[Stored items]
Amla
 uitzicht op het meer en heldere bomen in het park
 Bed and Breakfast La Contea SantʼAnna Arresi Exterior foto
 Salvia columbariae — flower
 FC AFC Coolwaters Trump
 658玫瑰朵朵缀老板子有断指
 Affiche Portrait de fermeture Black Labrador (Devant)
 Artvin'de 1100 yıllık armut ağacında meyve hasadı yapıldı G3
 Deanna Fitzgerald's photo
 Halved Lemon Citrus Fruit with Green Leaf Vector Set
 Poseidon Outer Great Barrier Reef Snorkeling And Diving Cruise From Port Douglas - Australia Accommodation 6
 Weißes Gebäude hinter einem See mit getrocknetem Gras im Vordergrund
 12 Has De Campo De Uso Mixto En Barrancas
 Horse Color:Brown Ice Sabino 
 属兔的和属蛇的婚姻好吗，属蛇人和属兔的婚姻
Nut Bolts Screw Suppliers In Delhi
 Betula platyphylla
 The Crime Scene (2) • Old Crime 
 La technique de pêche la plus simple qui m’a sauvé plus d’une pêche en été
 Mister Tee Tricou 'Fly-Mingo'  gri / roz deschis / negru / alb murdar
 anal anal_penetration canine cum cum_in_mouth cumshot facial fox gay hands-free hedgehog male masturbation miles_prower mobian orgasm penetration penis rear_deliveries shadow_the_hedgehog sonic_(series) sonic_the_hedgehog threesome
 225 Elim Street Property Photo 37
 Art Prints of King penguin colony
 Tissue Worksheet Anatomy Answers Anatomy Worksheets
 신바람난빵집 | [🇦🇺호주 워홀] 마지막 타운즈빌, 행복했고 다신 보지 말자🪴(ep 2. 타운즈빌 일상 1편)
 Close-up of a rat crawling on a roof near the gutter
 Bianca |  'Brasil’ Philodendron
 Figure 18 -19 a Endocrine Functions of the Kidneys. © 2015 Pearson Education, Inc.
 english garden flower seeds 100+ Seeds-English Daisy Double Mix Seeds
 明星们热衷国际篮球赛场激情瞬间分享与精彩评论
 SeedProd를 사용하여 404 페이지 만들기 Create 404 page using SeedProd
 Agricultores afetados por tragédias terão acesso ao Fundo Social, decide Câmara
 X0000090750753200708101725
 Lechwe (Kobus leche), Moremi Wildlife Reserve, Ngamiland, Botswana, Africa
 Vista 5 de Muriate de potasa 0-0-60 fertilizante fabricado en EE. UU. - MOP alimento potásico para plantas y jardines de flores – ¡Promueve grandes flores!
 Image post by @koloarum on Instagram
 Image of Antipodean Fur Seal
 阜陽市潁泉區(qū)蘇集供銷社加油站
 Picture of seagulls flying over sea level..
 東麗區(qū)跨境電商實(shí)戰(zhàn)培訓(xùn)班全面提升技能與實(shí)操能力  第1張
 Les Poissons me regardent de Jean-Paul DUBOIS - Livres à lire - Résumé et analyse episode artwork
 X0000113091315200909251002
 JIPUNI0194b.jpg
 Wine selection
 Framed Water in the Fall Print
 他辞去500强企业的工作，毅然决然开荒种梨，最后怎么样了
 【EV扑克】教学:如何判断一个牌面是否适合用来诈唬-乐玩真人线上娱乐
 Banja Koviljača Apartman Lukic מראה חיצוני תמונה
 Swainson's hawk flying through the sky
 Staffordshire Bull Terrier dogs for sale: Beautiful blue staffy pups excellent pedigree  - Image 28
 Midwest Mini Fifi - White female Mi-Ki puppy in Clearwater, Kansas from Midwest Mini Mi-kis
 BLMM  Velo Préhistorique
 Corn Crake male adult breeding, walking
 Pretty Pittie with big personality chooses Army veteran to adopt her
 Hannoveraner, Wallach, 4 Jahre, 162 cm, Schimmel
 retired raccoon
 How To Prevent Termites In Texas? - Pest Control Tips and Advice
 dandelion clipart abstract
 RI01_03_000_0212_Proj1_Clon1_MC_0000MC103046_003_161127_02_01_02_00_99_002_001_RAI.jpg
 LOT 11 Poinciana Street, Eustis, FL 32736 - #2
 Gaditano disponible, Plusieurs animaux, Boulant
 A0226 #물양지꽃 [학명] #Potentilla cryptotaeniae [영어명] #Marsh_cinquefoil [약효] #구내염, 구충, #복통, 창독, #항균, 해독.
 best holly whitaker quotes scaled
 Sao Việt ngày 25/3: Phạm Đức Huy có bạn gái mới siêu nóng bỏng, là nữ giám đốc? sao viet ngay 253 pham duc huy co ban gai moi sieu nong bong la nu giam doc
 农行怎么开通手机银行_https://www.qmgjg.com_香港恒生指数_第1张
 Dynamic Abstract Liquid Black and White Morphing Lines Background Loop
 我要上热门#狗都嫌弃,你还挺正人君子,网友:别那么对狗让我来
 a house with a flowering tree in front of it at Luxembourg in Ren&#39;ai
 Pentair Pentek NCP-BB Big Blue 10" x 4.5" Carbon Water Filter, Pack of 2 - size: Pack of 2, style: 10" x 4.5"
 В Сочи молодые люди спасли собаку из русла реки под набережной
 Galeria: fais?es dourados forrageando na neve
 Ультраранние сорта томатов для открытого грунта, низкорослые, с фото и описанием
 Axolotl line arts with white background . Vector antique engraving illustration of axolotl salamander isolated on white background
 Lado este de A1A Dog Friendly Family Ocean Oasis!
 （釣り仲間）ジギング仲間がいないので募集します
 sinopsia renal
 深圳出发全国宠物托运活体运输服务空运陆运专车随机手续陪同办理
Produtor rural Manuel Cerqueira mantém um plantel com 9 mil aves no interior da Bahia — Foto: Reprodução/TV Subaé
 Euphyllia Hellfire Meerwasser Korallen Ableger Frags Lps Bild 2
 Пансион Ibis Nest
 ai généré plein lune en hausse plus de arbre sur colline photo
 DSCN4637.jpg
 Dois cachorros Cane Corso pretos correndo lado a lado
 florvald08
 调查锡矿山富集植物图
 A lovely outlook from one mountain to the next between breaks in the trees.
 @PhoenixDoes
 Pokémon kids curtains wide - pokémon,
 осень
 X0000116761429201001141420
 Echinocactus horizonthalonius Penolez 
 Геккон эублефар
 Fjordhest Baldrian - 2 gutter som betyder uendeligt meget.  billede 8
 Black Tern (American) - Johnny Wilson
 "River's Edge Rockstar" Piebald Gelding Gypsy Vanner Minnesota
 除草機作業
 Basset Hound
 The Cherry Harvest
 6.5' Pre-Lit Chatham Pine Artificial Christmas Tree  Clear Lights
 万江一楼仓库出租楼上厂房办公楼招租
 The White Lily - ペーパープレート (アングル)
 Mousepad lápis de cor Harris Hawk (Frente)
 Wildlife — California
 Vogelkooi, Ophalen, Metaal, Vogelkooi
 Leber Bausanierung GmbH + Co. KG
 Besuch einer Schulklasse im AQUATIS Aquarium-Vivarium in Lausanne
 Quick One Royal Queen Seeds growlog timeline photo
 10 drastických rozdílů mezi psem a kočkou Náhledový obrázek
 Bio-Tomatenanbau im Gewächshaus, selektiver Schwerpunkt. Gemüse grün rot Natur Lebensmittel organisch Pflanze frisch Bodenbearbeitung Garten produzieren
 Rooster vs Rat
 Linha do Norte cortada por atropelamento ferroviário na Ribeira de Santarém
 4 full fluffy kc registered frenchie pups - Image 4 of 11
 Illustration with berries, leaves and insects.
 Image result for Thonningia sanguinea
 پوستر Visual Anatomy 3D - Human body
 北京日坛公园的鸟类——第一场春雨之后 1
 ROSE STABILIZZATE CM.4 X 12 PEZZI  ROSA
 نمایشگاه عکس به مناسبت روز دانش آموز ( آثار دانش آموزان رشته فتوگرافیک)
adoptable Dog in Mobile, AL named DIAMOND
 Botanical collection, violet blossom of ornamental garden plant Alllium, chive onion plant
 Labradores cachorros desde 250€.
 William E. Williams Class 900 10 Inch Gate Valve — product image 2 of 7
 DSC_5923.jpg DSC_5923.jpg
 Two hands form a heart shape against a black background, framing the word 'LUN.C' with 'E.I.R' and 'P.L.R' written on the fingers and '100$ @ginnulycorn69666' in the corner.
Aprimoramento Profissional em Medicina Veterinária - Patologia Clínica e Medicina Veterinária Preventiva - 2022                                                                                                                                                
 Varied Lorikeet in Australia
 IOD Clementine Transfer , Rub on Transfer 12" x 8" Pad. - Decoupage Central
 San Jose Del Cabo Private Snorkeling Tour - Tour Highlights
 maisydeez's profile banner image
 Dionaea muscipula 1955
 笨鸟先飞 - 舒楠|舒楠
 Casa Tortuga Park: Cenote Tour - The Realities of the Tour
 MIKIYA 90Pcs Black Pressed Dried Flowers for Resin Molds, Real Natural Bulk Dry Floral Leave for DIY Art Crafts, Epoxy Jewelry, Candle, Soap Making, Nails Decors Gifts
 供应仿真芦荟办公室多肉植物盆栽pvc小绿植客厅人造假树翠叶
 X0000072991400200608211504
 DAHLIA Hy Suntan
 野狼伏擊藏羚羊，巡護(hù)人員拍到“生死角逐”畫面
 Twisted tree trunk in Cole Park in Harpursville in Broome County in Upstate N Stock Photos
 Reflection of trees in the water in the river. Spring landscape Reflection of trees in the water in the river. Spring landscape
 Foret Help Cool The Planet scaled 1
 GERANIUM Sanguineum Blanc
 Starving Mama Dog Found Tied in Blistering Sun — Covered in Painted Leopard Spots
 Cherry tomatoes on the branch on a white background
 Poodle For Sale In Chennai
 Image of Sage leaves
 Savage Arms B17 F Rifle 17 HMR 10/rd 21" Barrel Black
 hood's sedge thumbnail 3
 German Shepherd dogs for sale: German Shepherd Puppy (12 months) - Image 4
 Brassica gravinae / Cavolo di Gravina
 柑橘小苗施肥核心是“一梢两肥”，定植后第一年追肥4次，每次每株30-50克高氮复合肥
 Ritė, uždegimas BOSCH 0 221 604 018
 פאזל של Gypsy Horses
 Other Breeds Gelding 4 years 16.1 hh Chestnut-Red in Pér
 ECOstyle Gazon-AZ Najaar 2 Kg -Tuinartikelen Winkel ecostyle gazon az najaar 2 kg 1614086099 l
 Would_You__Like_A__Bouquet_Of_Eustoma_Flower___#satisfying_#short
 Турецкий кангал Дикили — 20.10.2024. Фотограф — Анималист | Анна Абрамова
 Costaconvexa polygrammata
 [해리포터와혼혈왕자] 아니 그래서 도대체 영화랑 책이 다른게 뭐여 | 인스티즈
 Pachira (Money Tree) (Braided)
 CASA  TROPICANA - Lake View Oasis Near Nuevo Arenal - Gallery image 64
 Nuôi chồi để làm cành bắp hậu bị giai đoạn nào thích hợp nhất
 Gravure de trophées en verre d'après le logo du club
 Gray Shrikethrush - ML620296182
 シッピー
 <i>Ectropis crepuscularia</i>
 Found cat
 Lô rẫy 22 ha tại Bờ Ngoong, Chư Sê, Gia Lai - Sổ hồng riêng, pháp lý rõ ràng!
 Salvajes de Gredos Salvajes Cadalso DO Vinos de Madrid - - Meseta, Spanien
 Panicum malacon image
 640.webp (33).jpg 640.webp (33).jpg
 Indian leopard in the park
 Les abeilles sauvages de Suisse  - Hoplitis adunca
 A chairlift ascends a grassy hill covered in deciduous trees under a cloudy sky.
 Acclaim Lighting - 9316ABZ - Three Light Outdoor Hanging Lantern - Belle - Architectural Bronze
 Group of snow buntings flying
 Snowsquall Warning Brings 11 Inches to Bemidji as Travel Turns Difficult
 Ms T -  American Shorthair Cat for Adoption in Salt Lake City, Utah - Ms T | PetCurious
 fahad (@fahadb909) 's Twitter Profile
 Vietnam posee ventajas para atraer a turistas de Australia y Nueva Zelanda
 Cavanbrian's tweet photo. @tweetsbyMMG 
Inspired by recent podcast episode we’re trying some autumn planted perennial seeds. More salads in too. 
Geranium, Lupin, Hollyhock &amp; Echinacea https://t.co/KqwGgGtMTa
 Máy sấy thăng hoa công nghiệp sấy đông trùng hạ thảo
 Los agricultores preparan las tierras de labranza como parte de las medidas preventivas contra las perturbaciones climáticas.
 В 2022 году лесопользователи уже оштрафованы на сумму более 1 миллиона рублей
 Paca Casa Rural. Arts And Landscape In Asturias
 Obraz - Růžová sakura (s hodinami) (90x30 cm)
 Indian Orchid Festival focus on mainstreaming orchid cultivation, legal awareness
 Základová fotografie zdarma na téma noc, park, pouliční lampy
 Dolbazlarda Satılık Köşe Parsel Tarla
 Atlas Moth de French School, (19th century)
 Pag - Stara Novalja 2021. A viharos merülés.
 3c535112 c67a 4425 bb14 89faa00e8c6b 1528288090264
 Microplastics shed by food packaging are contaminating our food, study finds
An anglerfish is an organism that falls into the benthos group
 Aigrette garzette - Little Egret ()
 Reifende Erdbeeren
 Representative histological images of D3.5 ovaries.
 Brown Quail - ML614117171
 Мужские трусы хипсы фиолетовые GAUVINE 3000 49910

» Exercise goal:
Only the lines above starting at the line that holds "Ультраранние сорта томатов" and ending at the line that holds "Leber Bausanierung GmbH + Co. KG" are to be repeated, exactly and in full.

» Response to this exercise:
 Ультраранние сорта томатов для открытого грунта, низкорослые, с фото и описанием
 Axolotl line arts with white background . Vector antique engraving illustration of axolotl salamander isolated on white background
 Lado este de A1A Dog Friendly Family Ocean Oasis!
 （釣り仲間）ジギング仲間がいないので募集します
 sinopsia renal
 深圳出发全国宠物托运活体运输服务空运陆运专车随机手续陪同办理
Produtor rural Manuel Cerqueira mantém um plantel com 9 mil aves no interior da Bahia — Foto: Reprodução/TV Subaé
 Euphyllia Hellfire Meerwasser Korallen Ableger Frags Lps Bild 2
 Пансион Ibis Nest
 ai généré plein lune en hausse plus de arbre sur colline photo
 DSCN4637.jpg
 Dois cachorros Cane Corso pretos correndo lado a lado
 florvald08
 调查锡矿山富集植物图
 A lovely outlook from one mountain to the next between breaks in the trees.
 @PhoenixDoes
 Pokémon kids curtains wide - pokémon,
 осень
 X0000116761429201001141420
 Echinocactus horizonthalonius Penolez 
 Геккон эублефар
 Fjordhest Baldrian - 2 gutter som betyder uendeligt meget.  billede 8
 Black Tern (American) - Johnny Wilson
 "River's Edge Rockstar" Piebald Gelding Gypsy Vanner Minnesota
 除草機作業
 Basset Hound
 The Cherry Harvest
 6.5' Pre-Lit Chatham Pine Artificial Christmas Tree  Clear Lights
 万江一楼仓库出租楼上厂房办公楼招租
 The White Lily - ペーパープレート (アングル)
 Mousepad lápis de cor Harris Hawk (Frente)
 Wildlife — California
 Vogelkooi, Ophalen, Metaal, Vogelkooi
 Leber Bausanierung GmbH + Co. KG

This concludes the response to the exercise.